Exercise: Print the lines in the listing below starting at the line with "Box Spring Bed" and ending at the line with "Women's Fashionable Handle", both included. Reproduce them exactly and omit every picture.

-------- Data for this exercise --------

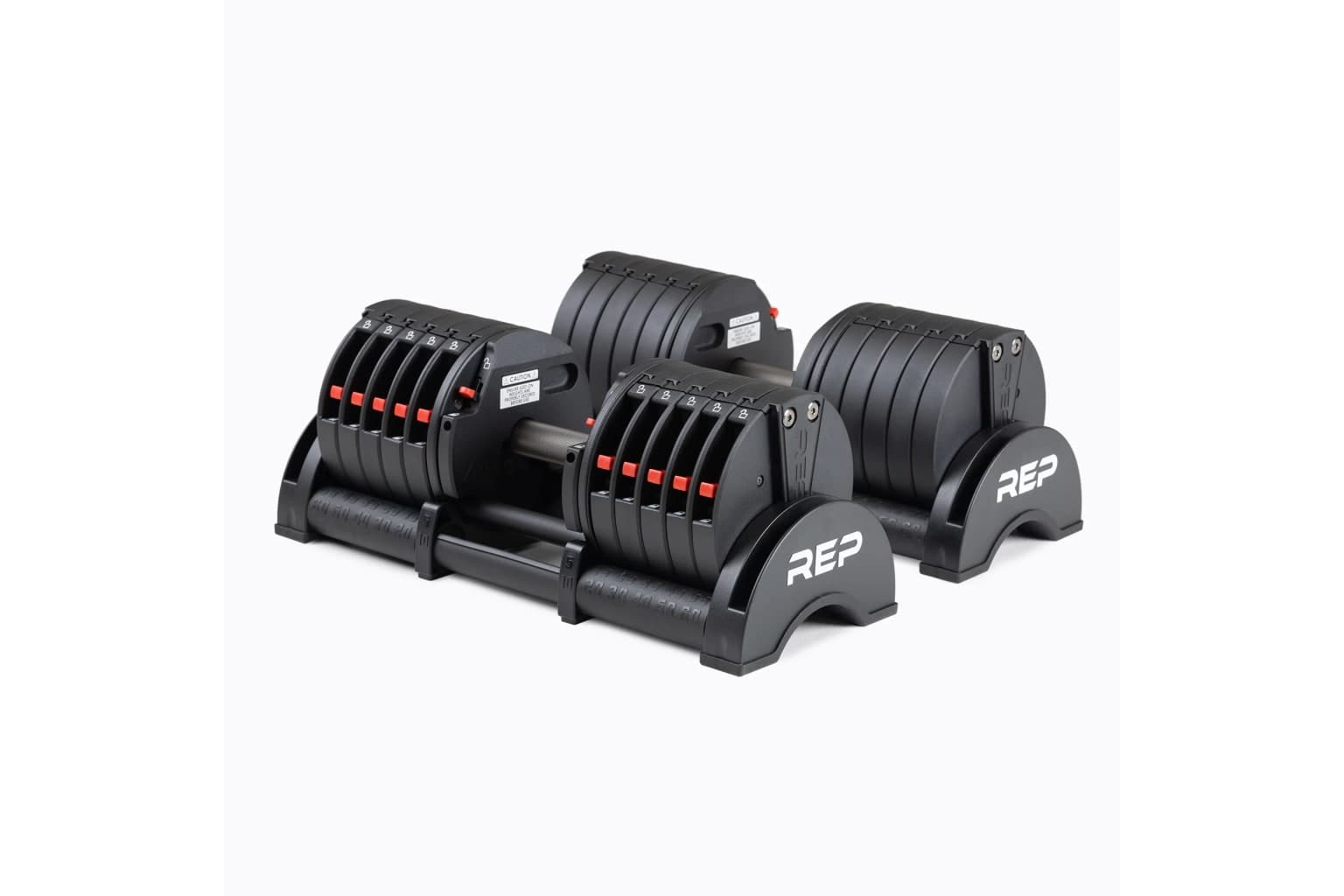 Adjustable dumbbells with a balanced training handle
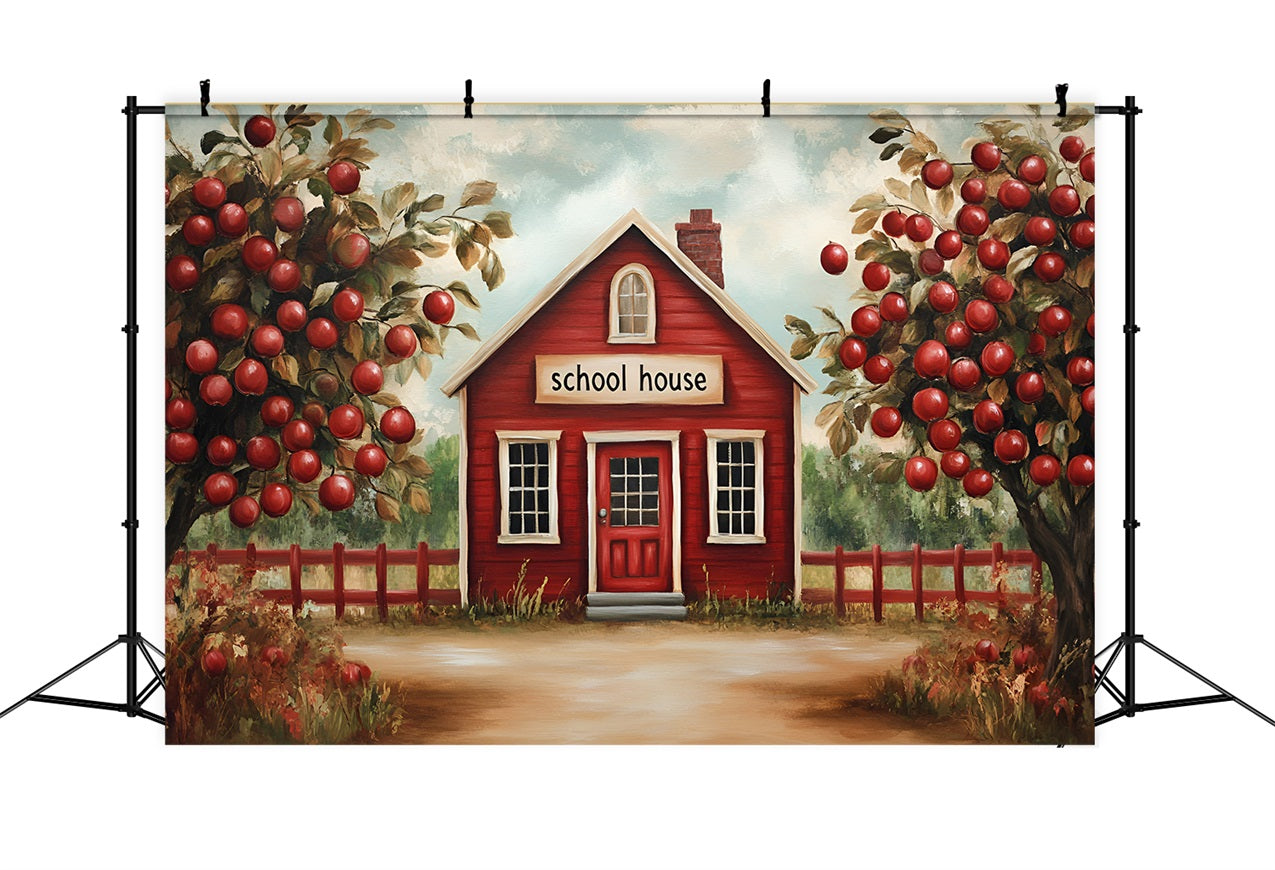 Back To School Backdrop Ideas Apple Orchard Schoolhouse Backdrop GQ3-113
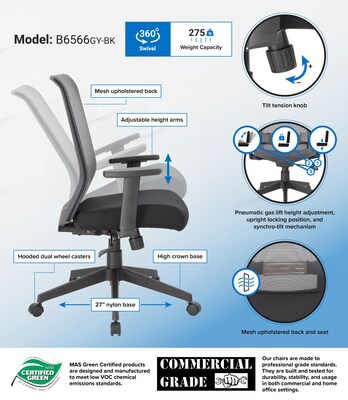 Boss Office Products Ergonomic Mesh Swivel Task Chair, Black/Grey (B6566GY-BK)
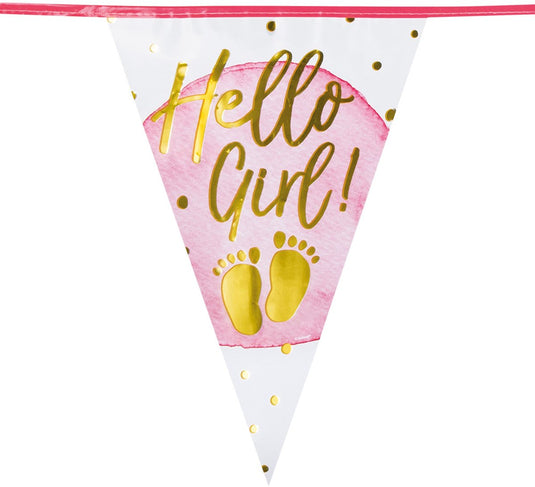 Boland - folievlaggenlijn 'hello girl!' - geen thema - babyshower
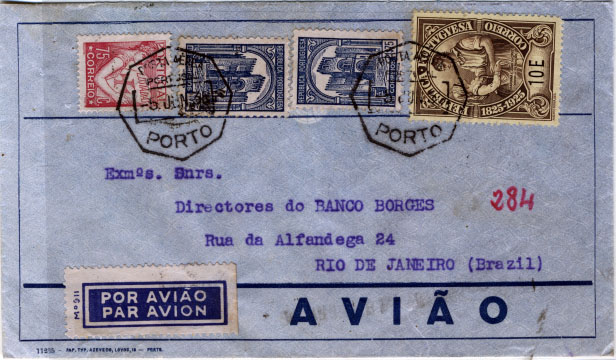 0630.jpg -     Lote:    630            Portugal       Descrição:         1936 &mdash; Lusíadas + Sé de Coimbra + Centenário de Camilo Castelo Branco. Sobrescrito circulado por via aérea do Porto (05.06.36) para o Rio de Janeiro (09.06.36) com trânsito por Lisboa (06.06.36), com selo de 75C carmim CE523 + 2x1$75 CE575 + 10$00 CE359 (usado como selo recurso).        Carta       Valor Base:     &euro; 10,00     Valor Venda:     &euro; 10,00     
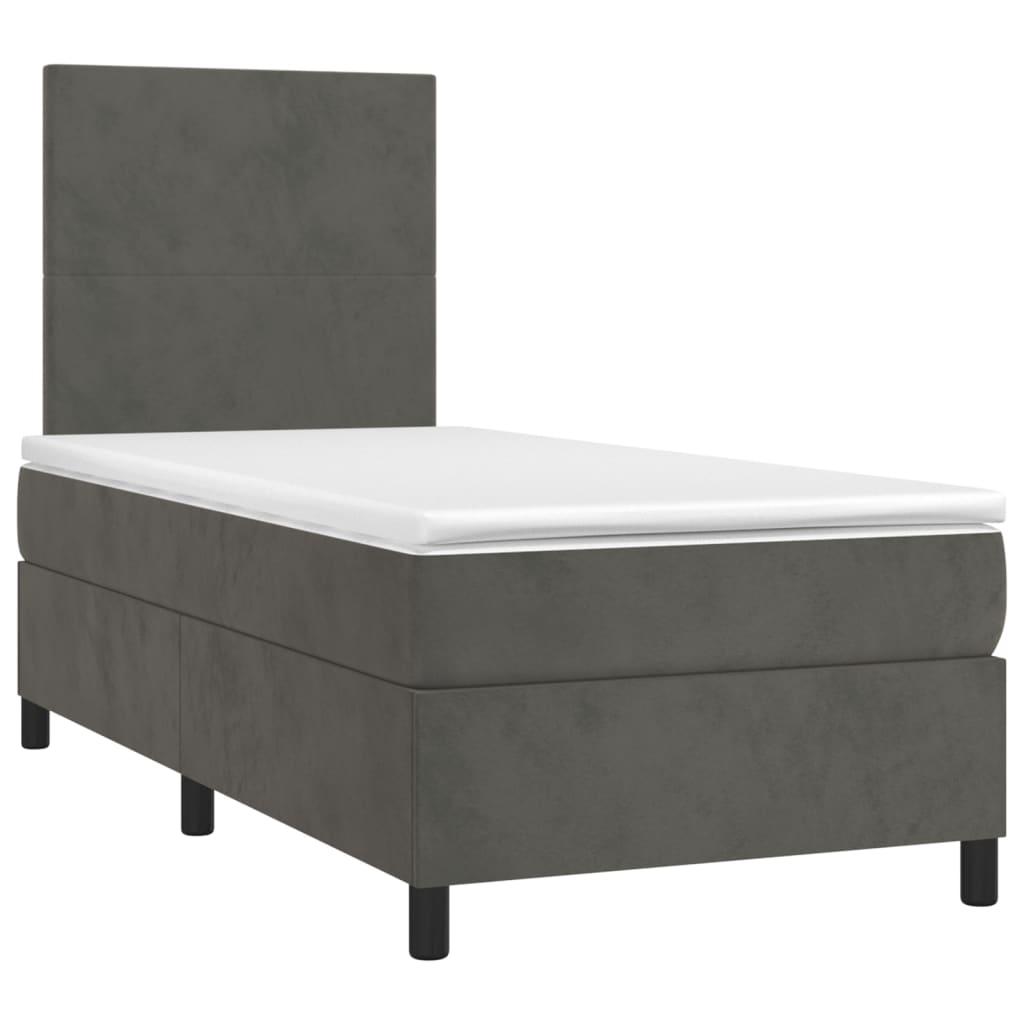 Box Spring Bed with Mattress&LED Dark Grey 107x203 cm King Single Velvet
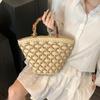 Women's Fashionable Handle Straw Woven Bags Simple Color Blocking Bucket Handbag Large Capacity Luxurious Female's Shoulder Bags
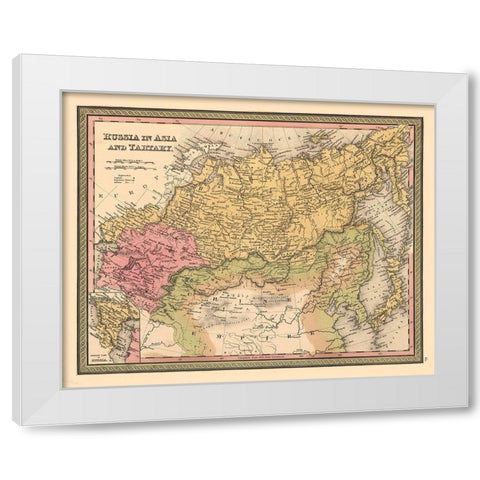 Asia Tartary Russia - Mitchell 1849 White Modern Wood Framed Art Print by Mitchell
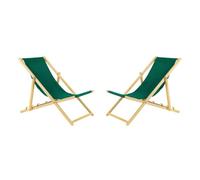 BAS Juego de 2 Tumbonas Plegables Reclinables en 3 Posiciones de Madera de Haya - Color Verde - Ajustables para Jardín, Playa, Balcón e Interior - Tela Transpirable - Estructura Estable y Natura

--------

Exercise solution:
 Box Spring Bed with Mattress&LED Dark Grey 107x203 cm King Single Velvet
 Women's Fashionable Handle Straw Woven Bags Simple Color Blocking Bucket Handbag Large Capacity Luxurious Female's Shoulder Bags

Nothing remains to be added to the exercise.